Sharman Networks, based in Australia but registered in the Pacific island state of Vanuatu, is being sued along with nine other firms.

In court, the labels dubbed Kazaa "an engine of copyright piracy to a degree of magnitude never before seen".

Sharman says it has no control over what users do with the files they swap.

The labels behind the case are EMI, Warner, Sony BMG and Universal, as well as a number of Australian record companies.

Their lawyer, Tony Bannon, told the judge in Sydney's Federal Court that 100 million users swapped 3 billion files a month - and that Sharman was both making it easy for them to find illicit music and profiting from it by selling adverts on its website.
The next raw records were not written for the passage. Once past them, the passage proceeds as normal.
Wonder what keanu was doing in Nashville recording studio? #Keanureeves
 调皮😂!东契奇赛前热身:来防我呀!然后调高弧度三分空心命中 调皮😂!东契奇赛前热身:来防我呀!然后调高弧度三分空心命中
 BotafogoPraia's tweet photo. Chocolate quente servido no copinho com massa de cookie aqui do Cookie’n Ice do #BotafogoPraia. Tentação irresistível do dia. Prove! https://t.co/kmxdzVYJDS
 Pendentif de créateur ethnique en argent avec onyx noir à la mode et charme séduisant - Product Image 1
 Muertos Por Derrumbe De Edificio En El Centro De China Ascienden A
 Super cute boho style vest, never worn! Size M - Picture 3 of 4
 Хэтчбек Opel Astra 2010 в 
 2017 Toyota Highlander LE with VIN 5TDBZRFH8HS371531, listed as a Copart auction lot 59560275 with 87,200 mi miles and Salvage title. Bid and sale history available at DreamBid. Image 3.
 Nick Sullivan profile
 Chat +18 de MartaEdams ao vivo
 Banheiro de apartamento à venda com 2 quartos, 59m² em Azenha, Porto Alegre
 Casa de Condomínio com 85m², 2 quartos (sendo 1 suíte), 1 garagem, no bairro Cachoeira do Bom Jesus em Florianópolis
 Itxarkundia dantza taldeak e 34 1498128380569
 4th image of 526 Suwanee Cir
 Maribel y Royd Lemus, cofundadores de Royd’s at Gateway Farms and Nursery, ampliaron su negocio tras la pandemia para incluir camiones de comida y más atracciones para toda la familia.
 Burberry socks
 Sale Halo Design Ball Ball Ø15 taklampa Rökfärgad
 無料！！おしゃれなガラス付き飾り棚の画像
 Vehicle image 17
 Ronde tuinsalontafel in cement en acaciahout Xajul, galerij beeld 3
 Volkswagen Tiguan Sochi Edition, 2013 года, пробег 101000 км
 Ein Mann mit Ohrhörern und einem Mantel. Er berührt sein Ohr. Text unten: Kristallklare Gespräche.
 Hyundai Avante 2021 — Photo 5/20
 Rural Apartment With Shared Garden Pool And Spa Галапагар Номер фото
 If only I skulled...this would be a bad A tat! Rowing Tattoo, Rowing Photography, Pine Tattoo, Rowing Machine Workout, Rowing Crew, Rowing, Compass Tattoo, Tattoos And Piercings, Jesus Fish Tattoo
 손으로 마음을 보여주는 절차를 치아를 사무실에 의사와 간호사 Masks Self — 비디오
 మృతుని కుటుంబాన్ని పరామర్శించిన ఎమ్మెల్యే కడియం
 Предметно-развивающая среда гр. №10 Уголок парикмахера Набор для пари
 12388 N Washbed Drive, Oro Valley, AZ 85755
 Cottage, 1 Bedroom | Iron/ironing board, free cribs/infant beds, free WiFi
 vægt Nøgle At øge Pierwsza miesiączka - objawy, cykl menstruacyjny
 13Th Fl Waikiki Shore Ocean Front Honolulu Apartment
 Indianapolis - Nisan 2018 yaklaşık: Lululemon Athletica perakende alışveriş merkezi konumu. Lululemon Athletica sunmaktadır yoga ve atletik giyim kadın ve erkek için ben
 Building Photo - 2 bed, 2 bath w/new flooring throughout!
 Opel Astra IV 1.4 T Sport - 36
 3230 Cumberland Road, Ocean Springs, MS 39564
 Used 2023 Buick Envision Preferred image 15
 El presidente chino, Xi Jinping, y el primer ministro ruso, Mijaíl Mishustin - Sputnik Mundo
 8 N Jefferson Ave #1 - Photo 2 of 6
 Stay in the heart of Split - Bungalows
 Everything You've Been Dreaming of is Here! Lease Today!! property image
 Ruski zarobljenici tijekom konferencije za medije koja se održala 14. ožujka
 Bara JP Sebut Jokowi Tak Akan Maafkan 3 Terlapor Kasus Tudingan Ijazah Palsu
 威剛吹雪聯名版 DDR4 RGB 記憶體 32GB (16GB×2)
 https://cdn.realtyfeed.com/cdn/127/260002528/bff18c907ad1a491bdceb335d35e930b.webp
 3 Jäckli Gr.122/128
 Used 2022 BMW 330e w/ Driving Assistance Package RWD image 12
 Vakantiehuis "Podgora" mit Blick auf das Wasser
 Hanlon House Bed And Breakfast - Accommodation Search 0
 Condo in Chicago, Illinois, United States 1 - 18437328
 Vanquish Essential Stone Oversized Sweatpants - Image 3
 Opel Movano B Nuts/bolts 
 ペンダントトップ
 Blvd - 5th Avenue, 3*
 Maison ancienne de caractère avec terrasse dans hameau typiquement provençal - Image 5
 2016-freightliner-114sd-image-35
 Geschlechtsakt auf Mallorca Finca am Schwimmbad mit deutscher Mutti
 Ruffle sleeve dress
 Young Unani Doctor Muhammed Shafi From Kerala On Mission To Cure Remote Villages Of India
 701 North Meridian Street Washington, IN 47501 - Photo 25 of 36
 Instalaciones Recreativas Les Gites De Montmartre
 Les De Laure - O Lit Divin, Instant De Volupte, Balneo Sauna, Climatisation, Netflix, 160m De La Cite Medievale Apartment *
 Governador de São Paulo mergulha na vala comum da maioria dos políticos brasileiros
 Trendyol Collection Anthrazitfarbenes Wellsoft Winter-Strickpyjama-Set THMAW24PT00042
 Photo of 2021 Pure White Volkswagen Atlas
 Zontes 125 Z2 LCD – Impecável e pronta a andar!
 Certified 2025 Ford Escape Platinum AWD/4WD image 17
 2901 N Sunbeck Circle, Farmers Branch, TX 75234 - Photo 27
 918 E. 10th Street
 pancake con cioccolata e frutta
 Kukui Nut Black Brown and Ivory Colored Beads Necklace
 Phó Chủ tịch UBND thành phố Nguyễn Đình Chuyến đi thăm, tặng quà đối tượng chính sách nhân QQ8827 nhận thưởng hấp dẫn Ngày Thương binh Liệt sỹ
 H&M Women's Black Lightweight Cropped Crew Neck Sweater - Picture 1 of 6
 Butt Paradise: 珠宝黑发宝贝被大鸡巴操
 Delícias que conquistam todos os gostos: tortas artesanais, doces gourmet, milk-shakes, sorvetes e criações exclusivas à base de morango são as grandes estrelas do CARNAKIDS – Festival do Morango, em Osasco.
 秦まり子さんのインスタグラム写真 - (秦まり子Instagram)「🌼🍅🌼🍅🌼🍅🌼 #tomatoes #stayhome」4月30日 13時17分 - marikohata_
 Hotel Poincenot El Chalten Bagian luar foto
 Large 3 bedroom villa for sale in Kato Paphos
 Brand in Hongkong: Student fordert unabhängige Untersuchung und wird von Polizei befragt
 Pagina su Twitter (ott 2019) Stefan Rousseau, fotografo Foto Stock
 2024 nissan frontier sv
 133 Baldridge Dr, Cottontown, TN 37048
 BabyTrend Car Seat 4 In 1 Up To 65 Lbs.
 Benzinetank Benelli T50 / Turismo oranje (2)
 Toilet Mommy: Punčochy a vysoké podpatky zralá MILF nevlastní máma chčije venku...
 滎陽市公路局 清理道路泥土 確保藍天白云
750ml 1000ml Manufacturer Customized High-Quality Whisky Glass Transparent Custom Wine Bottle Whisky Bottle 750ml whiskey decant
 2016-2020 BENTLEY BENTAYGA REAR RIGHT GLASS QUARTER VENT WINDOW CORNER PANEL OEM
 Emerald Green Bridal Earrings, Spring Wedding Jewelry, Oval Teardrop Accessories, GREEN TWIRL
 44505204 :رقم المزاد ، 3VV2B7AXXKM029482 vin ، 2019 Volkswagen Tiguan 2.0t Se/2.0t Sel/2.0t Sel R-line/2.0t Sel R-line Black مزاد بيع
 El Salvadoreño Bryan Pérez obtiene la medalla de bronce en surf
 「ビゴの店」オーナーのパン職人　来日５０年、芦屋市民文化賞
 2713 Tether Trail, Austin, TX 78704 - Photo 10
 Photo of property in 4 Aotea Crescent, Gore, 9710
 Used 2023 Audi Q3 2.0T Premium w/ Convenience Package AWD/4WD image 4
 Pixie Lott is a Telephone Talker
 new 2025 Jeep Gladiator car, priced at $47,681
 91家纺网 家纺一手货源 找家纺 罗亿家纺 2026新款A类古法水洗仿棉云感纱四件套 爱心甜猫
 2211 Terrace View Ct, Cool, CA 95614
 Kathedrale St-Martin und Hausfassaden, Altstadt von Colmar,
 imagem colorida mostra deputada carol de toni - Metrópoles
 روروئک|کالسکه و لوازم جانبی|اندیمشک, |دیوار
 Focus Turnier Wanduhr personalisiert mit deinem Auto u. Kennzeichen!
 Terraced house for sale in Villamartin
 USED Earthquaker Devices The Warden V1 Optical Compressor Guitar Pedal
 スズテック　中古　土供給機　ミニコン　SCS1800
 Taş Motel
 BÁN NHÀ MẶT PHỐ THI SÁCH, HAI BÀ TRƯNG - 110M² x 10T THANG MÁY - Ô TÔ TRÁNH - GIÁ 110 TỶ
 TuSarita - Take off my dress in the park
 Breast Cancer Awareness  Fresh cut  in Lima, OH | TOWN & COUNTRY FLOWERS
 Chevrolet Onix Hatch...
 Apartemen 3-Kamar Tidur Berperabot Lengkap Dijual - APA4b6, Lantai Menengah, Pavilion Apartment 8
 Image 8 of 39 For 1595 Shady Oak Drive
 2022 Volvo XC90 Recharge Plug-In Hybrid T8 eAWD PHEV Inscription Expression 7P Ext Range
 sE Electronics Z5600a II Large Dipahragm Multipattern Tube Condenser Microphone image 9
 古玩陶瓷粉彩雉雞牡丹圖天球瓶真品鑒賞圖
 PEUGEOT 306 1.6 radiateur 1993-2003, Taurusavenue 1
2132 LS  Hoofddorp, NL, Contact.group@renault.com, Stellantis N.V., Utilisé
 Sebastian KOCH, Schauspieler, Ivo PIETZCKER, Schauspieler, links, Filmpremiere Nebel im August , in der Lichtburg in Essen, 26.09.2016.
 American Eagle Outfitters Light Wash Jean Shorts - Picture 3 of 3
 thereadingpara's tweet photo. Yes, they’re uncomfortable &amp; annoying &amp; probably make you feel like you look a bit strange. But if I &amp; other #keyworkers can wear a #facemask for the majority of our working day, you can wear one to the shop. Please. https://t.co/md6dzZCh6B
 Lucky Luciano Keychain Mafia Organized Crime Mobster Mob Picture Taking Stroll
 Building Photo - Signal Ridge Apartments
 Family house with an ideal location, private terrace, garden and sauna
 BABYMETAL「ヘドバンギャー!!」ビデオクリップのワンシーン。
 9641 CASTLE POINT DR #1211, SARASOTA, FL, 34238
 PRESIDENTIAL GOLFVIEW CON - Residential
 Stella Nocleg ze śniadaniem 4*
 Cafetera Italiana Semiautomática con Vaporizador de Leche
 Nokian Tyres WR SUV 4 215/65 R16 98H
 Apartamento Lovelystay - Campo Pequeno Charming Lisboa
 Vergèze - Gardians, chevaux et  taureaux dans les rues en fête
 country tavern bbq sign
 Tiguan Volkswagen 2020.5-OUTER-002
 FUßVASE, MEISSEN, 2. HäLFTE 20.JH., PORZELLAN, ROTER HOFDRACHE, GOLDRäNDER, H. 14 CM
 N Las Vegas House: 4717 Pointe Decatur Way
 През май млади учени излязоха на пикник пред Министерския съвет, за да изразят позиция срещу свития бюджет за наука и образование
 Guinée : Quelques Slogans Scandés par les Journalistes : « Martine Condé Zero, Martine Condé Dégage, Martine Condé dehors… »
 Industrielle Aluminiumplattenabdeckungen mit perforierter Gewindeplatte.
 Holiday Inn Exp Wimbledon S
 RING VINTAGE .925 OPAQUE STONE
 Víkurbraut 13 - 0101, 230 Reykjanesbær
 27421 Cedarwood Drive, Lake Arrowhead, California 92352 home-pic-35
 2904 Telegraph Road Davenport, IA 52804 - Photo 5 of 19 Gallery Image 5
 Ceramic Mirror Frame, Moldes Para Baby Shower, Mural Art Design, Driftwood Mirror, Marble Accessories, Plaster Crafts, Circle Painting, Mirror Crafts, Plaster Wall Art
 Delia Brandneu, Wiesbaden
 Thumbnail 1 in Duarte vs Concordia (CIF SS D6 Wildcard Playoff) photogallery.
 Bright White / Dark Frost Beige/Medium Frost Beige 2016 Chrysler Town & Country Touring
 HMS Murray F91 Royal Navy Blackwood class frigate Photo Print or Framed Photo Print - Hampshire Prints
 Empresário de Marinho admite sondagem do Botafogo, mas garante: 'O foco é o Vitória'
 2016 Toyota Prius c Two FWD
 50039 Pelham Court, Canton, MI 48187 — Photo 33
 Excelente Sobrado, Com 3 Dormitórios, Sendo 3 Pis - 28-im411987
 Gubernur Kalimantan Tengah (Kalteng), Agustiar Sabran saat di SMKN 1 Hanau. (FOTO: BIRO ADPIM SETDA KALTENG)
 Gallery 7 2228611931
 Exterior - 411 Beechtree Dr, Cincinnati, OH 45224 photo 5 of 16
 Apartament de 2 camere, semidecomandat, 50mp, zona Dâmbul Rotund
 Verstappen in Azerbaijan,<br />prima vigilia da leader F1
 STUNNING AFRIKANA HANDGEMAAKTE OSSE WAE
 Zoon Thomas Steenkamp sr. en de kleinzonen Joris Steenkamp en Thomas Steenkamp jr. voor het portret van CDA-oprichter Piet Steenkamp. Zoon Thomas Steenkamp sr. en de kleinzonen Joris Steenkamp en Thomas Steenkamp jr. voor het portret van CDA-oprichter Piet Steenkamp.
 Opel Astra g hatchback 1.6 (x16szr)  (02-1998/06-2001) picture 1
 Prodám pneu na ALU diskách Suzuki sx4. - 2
The industry raided Sharman's offices as well as those of several other companies in February in the search for evidence to support the suit.

Sharman opens its defence on Tuesday.

Legal battlefield

The case in Australia is the second in which Kazaa has been targeted. The software was cleared of liability for copyright infringement in the Netherlands in December 2003.

The firm is not the first file-sharing software provider to find itself in the firing line.

Grokster and Streamcast have both been sued in the US but were cleared of being liable for file-sharing. Judges ruled there were substantial legal uses for their software.

The major labels are appealing that decision, and continue to sue individuals for downloading copyrighted material or making it available online.

Online sales

Despite the defeats elsewhere, the recording and film industries are keen to keep making the argument that file-sharing software is responsible for the industry's financial troubles.

Unit sales of recorded music have fallen in recent years, and the industry says file-swapping is to blame.

Critics argue that file-sharing can in fact encourage music purchases by allowing people to hear material they could not find on radio, pointing to the growing popularity of online music stores such as Apple's iTunes.

They also note that in terms of recreational spending by young people, music now has to vie with DVDs, computer games and the cost of running a mobile phone.